At least Ron Paul was a consistent Libertarian, which for good or bad is an alternative ideology and a threat to the status quo. Palin is well … Palin, and Trump is an obnoxious flip flopper who would say and do anything to get publicity. Neither’s viewpoints can be considered alternative or radical, unless you class run-of-the-mill xenophobia & race baiting, and typical conservative “American jobs” spiel as radical.
If you’ve bought the InfoWars narrative for the past 15 years, and Donald Trump is supposed to be the one who will save us from the New World Order, where was he during all of the anti-Bilderberg rallies? Why hasn’t he opened up Trump Tower for 9/11 truth activists to use as their New York base? Why doesn’t he fund Alex’s ‘Central Texas Command Center’ or use his fame to ‘get the word out’ about the police state and Globalists?
The “bombshell” live interview with the eccentric tycoon was a 30 minute nauseating circle jerk. Jones challenged him on nothing, even when he called for increased surveillance, a stronger military, and said Bin Laden knocked the towers down. We thought it was an inside job Alex?

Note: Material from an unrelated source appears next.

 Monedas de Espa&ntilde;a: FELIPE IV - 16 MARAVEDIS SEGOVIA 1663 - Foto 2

Despite painting himself as the underdog and being outside of the mainstream, Jones would do anything to widen his audience and grow his bank balance. His endorsement of Trump is more about Trump endorsing him.
1) FEMA Coffins
There’s a lot of things you can give AJ a pass on, but suggesting Americans would soon be rounded up and sent to concentration camps where they may end up resting in mass produced plastic coffins is not one of them!

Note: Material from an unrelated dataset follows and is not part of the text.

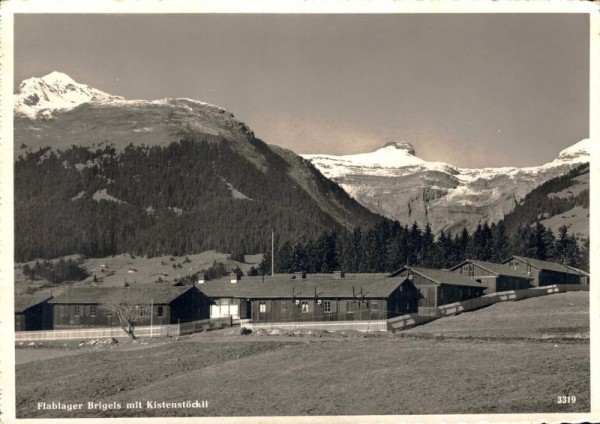 Flablager Brigels mit Kistenstöckli. 1947 Vorderseite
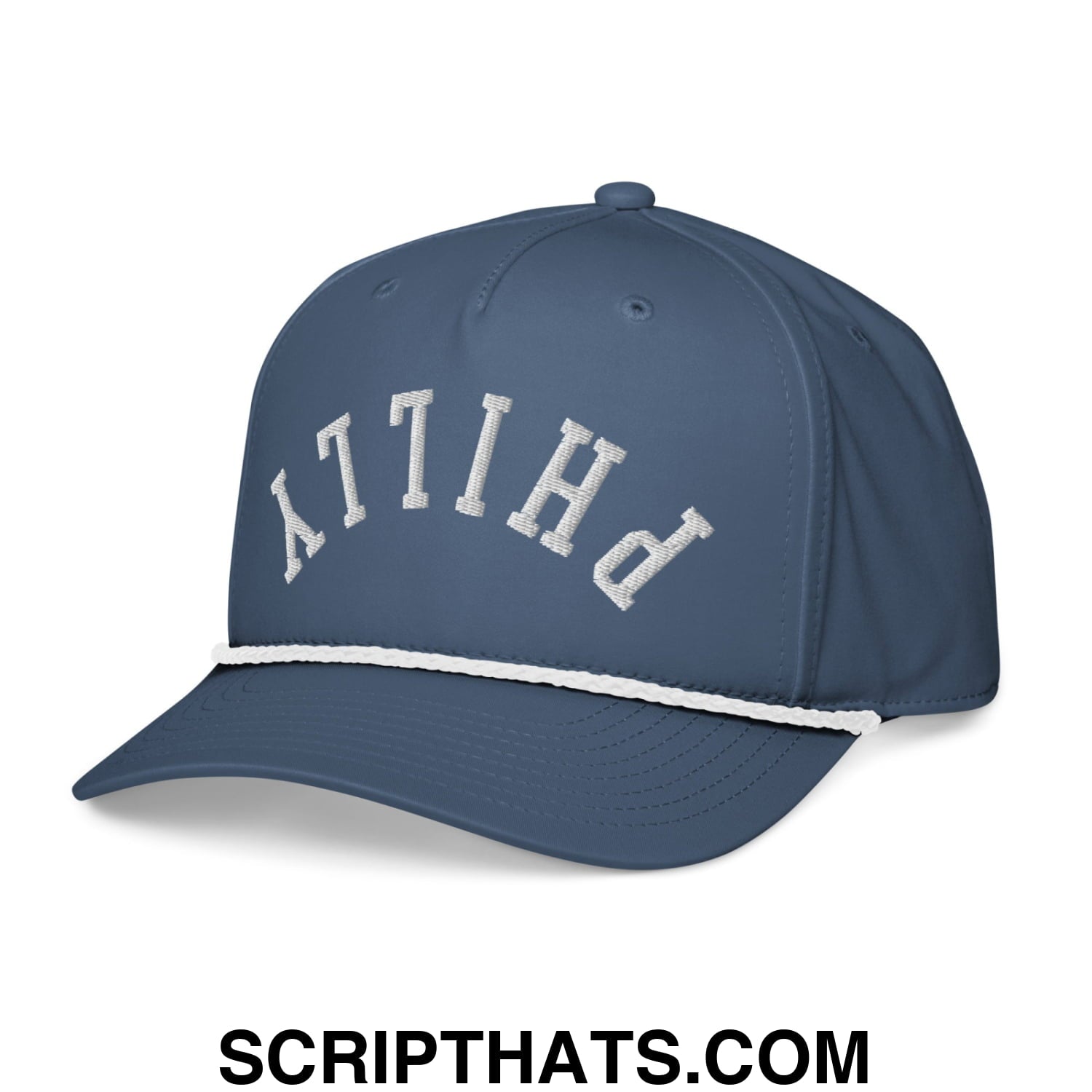 Upside Down Philly Embroidered Rope Hat Light Blue White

The fact is, the Federal Emergency Management Agency (FEMA) has plans to shelter citizens during disasters and other emergencies, while helping to maintain the “continuity of government.” It’s been that way since the Cold War and is not a particularly shocking policy. Anything else you’ve heard about so called FEMA Camps is purely speculation. Could the government theoretically go full Nazi at some point? Sure, but that could happen with or without FEMA and there’s no evidence that such an atrocity is actually being planned.

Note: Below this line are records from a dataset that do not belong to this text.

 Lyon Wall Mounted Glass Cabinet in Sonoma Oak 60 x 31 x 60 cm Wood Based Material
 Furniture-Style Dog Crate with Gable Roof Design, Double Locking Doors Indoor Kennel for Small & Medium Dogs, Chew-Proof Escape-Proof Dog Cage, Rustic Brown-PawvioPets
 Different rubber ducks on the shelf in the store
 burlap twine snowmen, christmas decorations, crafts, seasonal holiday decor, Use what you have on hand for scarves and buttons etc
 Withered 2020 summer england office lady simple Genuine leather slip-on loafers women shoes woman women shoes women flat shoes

As for the coffins Jones and Jesse Ventura comically stumble across on the former governor’s “Conspiracy Theory” show, they’re not owned by FEMA nor are they coffins. They’re coffin vaults/containers, used to house coffins when there are ground subsidence and water issues at the cemetery.
Believe it or not millions of people die every year in the United States. Coffins and burial apparatus have to be manufactured to meet this demand. If this was part of a secret conspiracy would the government really just leave the evidence in an open field in Georgia?
What Has Alex Jones Accomplished?
Followers of Alex Jones might want to ask themselves what has he actually done for the truth seeking community? He might have ‘woken up’ a lot of people, but all successful cult leaders and gurus are able to invoke such an experience. What you wake up in to is the more important question. With Jones it’s all about his empire, which is built with divisive walls. Everyone inside is told they are special and have the truth that the sheep are too brainwashed to understand, and everyone outside sees a fat clown with a bullhorn, acting like a complete lunatic.
Within the wider public it is generally accepted that conspiracy theorists are crazy. Jones is one of the most recognized conspiracy theorist in the world. You do the math!